When ad-hoc reporting tools started coming around, business users wanted to point them at the underlying data-models, drag-and-drop relevant columns, and create reports instantaneously. One of the genius data architects, Ralph Kimball, has thought of organizing the entire data set within a company in simple dimensions and facts. Hence the Dimensional Data Model is born around 1991.
What is a Dimensional Data Model?
A Dimensional Model presents the data in an intuitive and easily understandable format mimicking the way most of us think about data. We as humans remember things (store our memories) in the form of events. We remember “the first time our baby walked.” To store this, we know that “walking” is a FACT. Then, who walked, when did the baby walk, where did this happen, etc., are all DIMENSIONS. So, a dimensional model uses
If we were to register first walks of all the babies in the world, we need a list of all the babies in the world (Babies dimension table), list of addresses where all the babies have walked (Location dimension table), generic time log (Time dimension table). And, to register the FACTs, we need one table to register the total number of steps that the baby took before falling (Walks Fact table) that will connect these three dimension tables.
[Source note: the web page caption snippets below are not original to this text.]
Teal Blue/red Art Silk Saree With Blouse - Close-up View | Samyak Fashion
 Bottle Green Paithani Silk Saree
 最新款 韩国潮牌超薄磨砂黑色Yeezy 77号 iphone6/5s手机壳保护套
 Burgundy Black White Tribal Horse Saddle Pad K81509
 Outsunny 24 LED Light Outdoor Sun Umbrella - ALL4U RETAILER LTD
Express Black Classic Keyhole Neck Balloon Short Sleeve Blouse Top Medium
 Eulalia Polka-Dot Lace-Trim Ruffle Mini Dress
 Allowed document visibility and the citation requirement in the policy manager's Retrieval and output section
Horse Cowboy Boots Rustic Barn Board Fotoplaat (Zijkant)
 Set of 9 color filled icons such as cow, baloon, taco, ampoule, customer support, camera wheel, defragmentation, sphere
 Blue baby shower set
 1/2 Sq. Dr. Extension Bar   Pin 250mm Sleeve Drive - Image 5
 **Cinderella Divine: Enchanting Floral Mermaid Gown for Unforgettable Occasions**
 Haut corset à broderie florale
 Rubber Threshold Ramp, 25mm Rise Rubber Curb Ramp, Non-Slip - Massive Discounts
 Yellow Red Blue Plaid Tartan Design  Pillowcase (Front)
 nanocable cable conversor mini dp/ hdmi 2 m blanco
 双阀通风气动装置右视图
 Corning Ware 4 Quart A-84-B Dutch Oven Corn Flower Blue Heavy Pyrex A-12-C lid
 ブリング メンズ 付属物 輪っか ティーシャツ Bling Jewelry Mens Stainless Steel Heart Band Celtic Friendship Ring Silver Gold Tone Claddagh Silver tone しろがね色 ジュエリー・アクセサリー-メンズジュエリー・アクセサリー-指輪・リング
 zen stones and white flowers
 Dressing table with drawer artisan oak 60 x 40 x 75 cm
I know everyone explains with products, customers, and sales example. I thought I will make it a little more pleasant and memorable (there is another FACT for you!) with the baby walking example.
How is a Dimensional Data Model created?
Basic ingredients for a Dimensional Data Model are:
- Business Process: We need to understand which business process that we are modeling. Then we need to understand the level of details that we need to store (called granularity).
- Data: We obviously need to identify which of the data used in this business process belongs to FACTs and which of them belong to DIMENSIONs.